My uncle gave me his old S-works FSR, from the 2000 model year. That frame design means that there's only so much seatpost that can fit in the seat tube, so I've been cutting the seatpost by about a half-inch until I can lower the saddle sufficiently to fit me well (my uncle is a bit taller than me).

Unfortunately, it's a Thomson Elite seatpost, and I feel so bad hacking away at the nicest bike/component that I've ever owned. Oh well, it has to be done. 

On frames with full-length seat tubes, I don't cut the seatpost. Except for minimal weight savings, there's no point. If you cut too much, you risk breaking the frame, the seat post, and/or the family jewels.


----------



## wbmason55 (May 30, 2010)

I would never cut the seat tube unless a frame design made it absolutely necessary,


----------



## Jason B (Aug 15, 2008)

wbmason55 said:


> I would never cut the seat tube unless a frame design made it absolutely necessary,


They are talking about cutting the seat post, not seat tube.

Cut away. No harm in making it fit at all.


----------



## wbmason55 (May 30, 2010)

Jason B said:


> They are talking about cutting the seat post, not seat tube.
> 
> Cut away. No harm in making it fit at all.


woops, meant to say say seat post...obviously..who the heck would cut the seat tube?

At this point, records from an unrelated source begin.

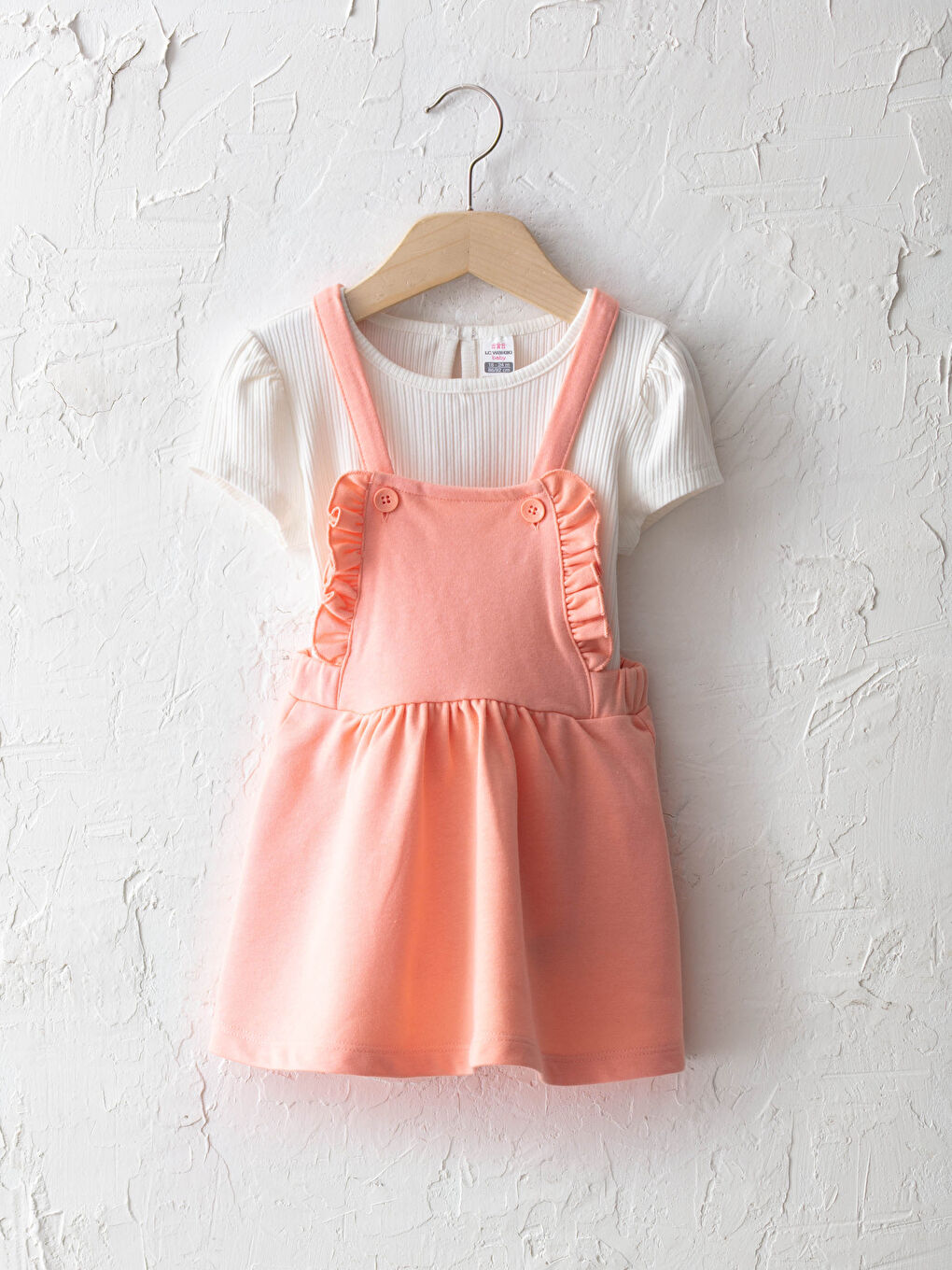 تيشيرت بناتي بياقة دائرية وكم قصير وفستان - طقم قطعتين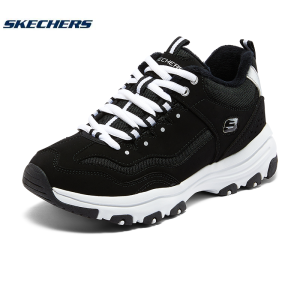 Skechers斯凯奇女鞋秋冬加绒老爹鞋熊猫鞋保暖休闲运动鞋8730057 黑色/白KW 35.5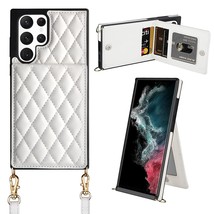 For Galaxy S22 Ultra Cases 6.8&quot; Quilted Leather Women Luxury Phone Cover Crossbo - £28.76 GBP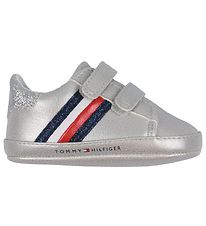 Tommy Hilfiger Soft Sole Leather Shoes - Stripes Velcro - Silver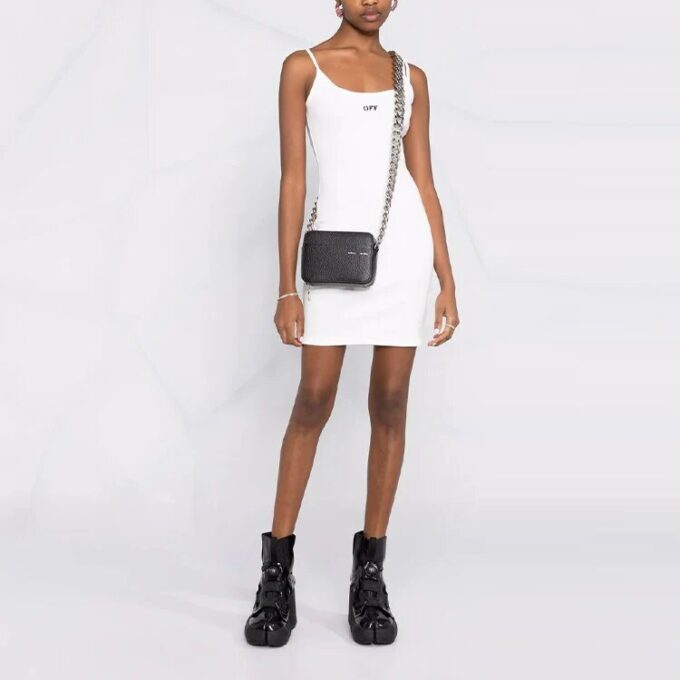 Vestido básico de canalé Off-White Off Stamp «Blanco»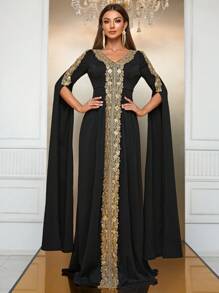 YISIKADO Contrast Sequin Appliques Split Sleeve Dress - Black - View 1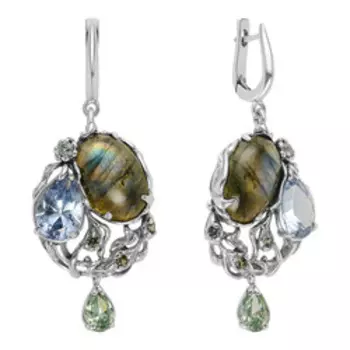 Серебряные серьги с лабрадорами и фианитами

The OP is not cutting the post to make it fit, he's asking if he should cut off excess just because. What happens when you want to want to switch your modified seat post to another frame and you don't have enough post length?...screwed.


----------



## heyyall (Nov 10, 2011)

Cutting your seat post is one of the most effective ways of tearing your seat tube to pieces. Also, if you cut off the bottom, you will have to adjust the max height line by the same amount...that is, you need a certain amount of length in the tube to have the seat post be safe. The amount of weight savings is so minimal that I would not worry about it. Only cut if you must to have it fit in the seat post.


----------



## DIRTJUNKIE (Oct 18, 2000)

It's a very common thing to do. As long as you leave enough post for there to be the "frame makers" reccomendation for minimal insertion into the frame at highest height.the rider will need it in the climbing position. In otherwards figure out the highest you will need it and leave enough to insert into frame that is reccomended. To avoid frame warranty issues and then cut it. A hacksaw or pipe cutter works. The pipe cutter works better with less of a rough edge. But with either tool you choose you still need to file the sharp edge and get rid of the burs. In order to avoid damaging the frame seat tower on the inside.

What was Nike's slogan again hmmm....Just Do It"


----------



## thomllama (Oct 3, 2007)

I wouldn't bother cutting it unless you are a weight weenie or it hits something in frame. the longer the seat post is the stronger everything is, and also the less likely you are to have movement that causes the annoying seat post creak :madman:


----------



## SpinDirt (Feb 22, 2007)

thomllama said:


> I wouldn't bother cutting it unless you are a weight weenie or it hits something in frame. the longer the seat post is the stronger everything is, and also the less likely you are to have movement that causes the annoying seat post creak :madman:


There is nothing wrong with cutting your seatpost. I have cut several throughout the years and have had no issues. As far as a seatpost creak I have never had that either.How would cutting your seatpost make for the dreaded seatpost creak. That would be caused by the wrong diameter seatpost for what the frame was intended for. And the correct way of cutting is the way DJ described. As far as it being because of saving weight that is just a benifit. The most common reason is that ugly useless extra post sticking out. Of course that is from an interrupted seatpost designed frame. Which also brrings to light the fact that if you don't cut it damage could occur to the shock. But normal non interuped designed frames who needs six inches more to deal with while the seat is off the bike. I say you don't need it get rid of it.


----------



## Stugotz (Dec 14, 2011)

Agree with all that has been said about not cutting down the seat post. In addition if you ever do go to sell it, I personally believe you will have decreased it's value in doing so.


----------



## AZ (Apr 14, 2009)

Cut it, who cares about resale on a used seat post? Just make sure you don't cut it too short.


----------



## thomllama (Oct 3, 2007)

SpinDirt said:


> ... As far as a seatpost creak I have never had that either.How would cutting your seatpost make for the dreaded seatpost creak. ....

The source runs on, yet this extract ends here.